En B2B, le régime 293 B du CGI peut réduire votre compétitivité et votre trésorerie simultanément. À l’inverse, pour une activité exclusivement B2C (cours particuliers, artisanat vendu aux particuliers), l’absence de TVA se traduit par un prix facial plus bas, ce qui reste un réel avantage concurrentiel.

Passage au réel et gestion de la TVA collectée : le choc de trésorerie

Le dépassement des seuils de franchise déclenche l’assujettissement à la TVA, parfois en cours d’exercice. Ce basculement provoque un effet mécanique sur la trésorerie que beaucoup d’entrepreneurs sous-estiment.

Le décalage entre TVA collectée et TVA décaissée

Dès l’assujettissement, vous facturez la TVA à vos clients. Cette somme apparaît sur votre compte bancaire mais ne vous appartient pas : elle sera reversée à l’État lors de la déclaration suivante. Le piège classique consiste à considérer ce flux entrant comme du chiffre d’affaires disponible.

La TVA collectée n’est pas de la trésorerie libre, c’est un dépôt temporaire. Les entreprises qui n’isolent pas ce montant sur un compte dédié se retrouvent en difficulté au moment de la déclaration, avec un décaissement brutal qui peut représenter plusieurs semaines de charges fixes.

Régime réel simplifié ou régime réel normal : impact sur le rythme de décaissement

Le choix du régime de déclaration modifie directement le calendrier de sortie de cash. Au régime réel simplifié, vous versez des acomptes semestriels puis régularisez en fin d’année.
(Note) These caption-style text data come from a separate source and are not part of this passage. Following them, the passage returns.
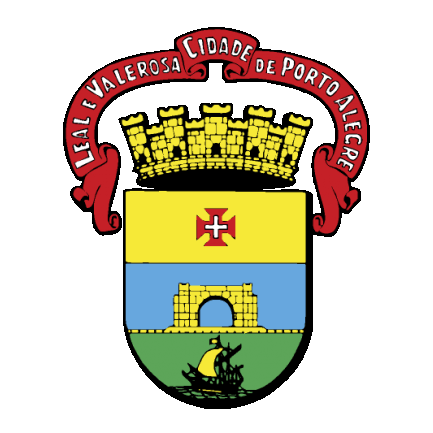 Prefeitura Municipal de Porto Alegre
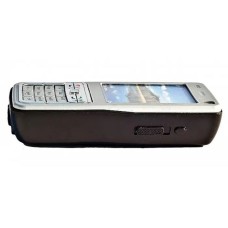 Отпугиватель животных с мощным фонариком Kelin K95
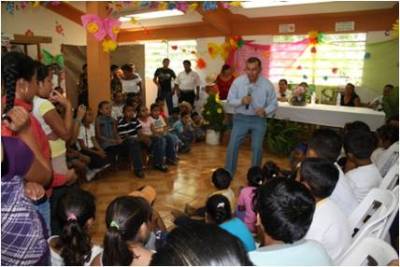 imagen3
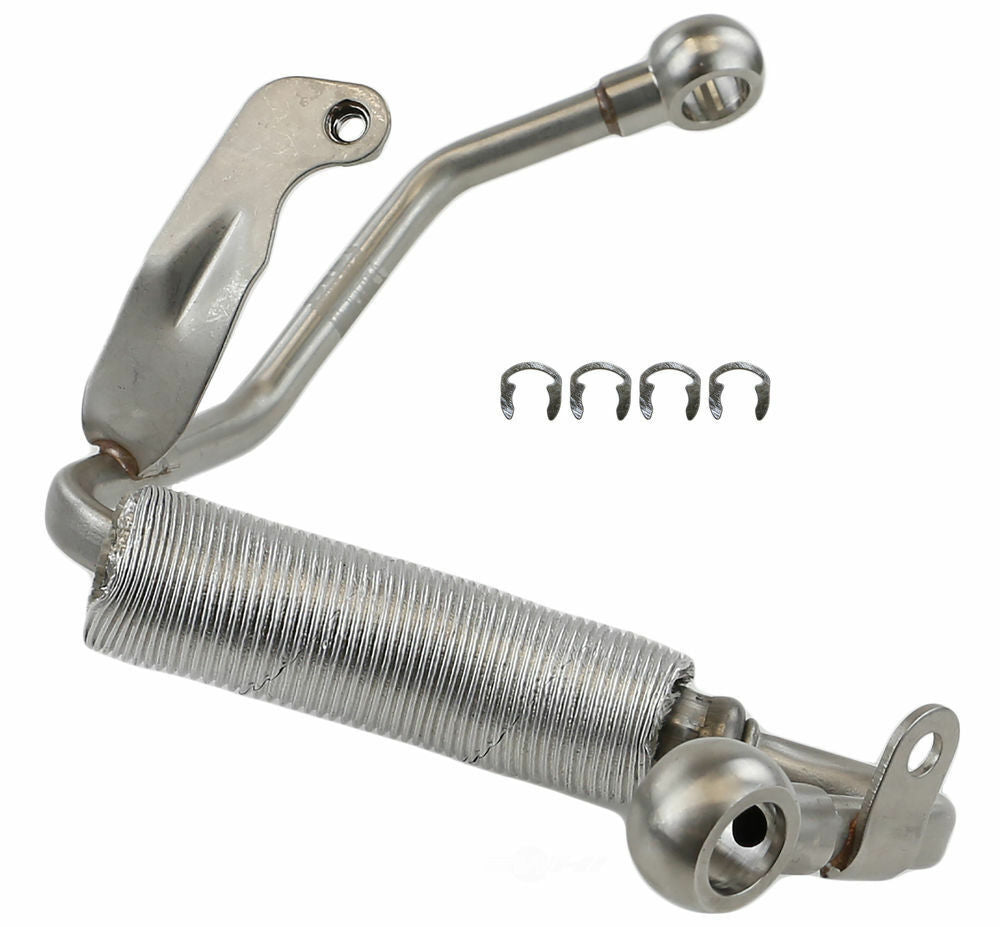 CRP CHT0689 Turbocharger Coolant Line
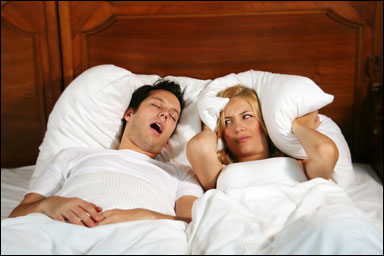 snoring-sleep-partner-rest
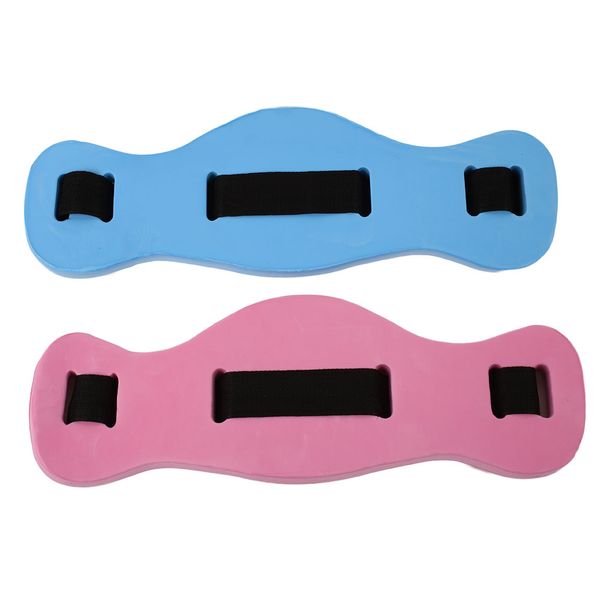 

wholesale- swimming exercise floating rehab support floatation eva belt waistband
Au régime réel normal, la déclaration est mensuelle ou trimestrielle.

Pour une entreprise qui génère un volume d’achats régulier, le régime normal permet de récupérer la TVA déductible plus rapidement, ce qui compense partiellement le décaissement de la TVA collectée. À l’inverse, le régime simplifié crée un effet d’accumulation : les acomptes forfaitaires ne reflètent pas toujours la TVA réellement déductible, d’où des écarts de trésorerie en fin d’exercice.

Documents fiscaux et calculs de trésorerie liés au régime de franchise 293 B du CGI

Arbitrage franchise ou TVA : les critères concrets de décision

L’analyse ne se limite pas au seuil de chiffre d’affaires. Nous observons que trois variables déterminent l’impact réel du 293 B du CGI sur votre trésorerie, et qu’elles méritent un examen trimestriel.
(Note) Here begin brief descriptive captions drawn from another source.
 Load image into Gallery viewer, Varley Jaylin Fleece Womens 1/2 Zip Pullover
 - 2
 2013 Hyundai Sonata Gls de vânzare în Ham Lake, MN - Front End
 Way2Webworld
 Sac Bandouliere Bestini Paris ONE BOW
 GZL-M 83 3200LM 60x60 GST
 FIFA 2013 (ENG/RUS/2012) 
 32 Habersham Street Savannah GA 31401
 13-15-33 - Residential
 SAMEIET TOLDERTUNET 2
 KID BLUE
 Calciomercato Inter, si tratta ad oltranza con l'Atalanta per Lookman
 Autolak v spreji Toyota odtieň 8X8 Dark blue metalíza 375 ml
  • Le ratio charges/chiffre d’affaires : plus vos achats soumis à TVA sont élevés (sous-traitance, matériel, logiciels), plus la franchise vous coûte cher en TVA non récupérable.
  • La composition de votre clientèle : une part B2B supérieure à la moitié de votre activité rend l’assujettissement volontaire préférable dans la majorité des cas.
  • Votre capacité à isoler la TVA collectée : si vous ne disposez pas d’un outil de gestion ou d’un compte bancaire séparé, le passage au réel génère un risque de tension de trésorerie à chaque échéance déclarative.

La doctrine administrative commentée dans le BOFiP (BOI-TVA-DECLA-40-20) confirme par ailleurs que l’administration renforce ses contrôles sur les entreprises proches des seuils, ce qui ajoute un risque de redressement pour celles qui pilotent leur chiffre d’affaires au plus juste pour rester sous le régime de franchise.

Le choix entre maintien sous l’article 293 B du CGI et option pour la TVA n’est pas un arbitrage fiscal abstrait. C’est une décision de gestion de trésorerie qui dépend de la structure réelle de vos flux. Un prestataire B2C sans charges significatives tire un bénéfice net du régime de franchise. Un prestataire B2B qui investit dans son outil de production a tout intérêt à basculer avant même d’y être contraint par les seuils.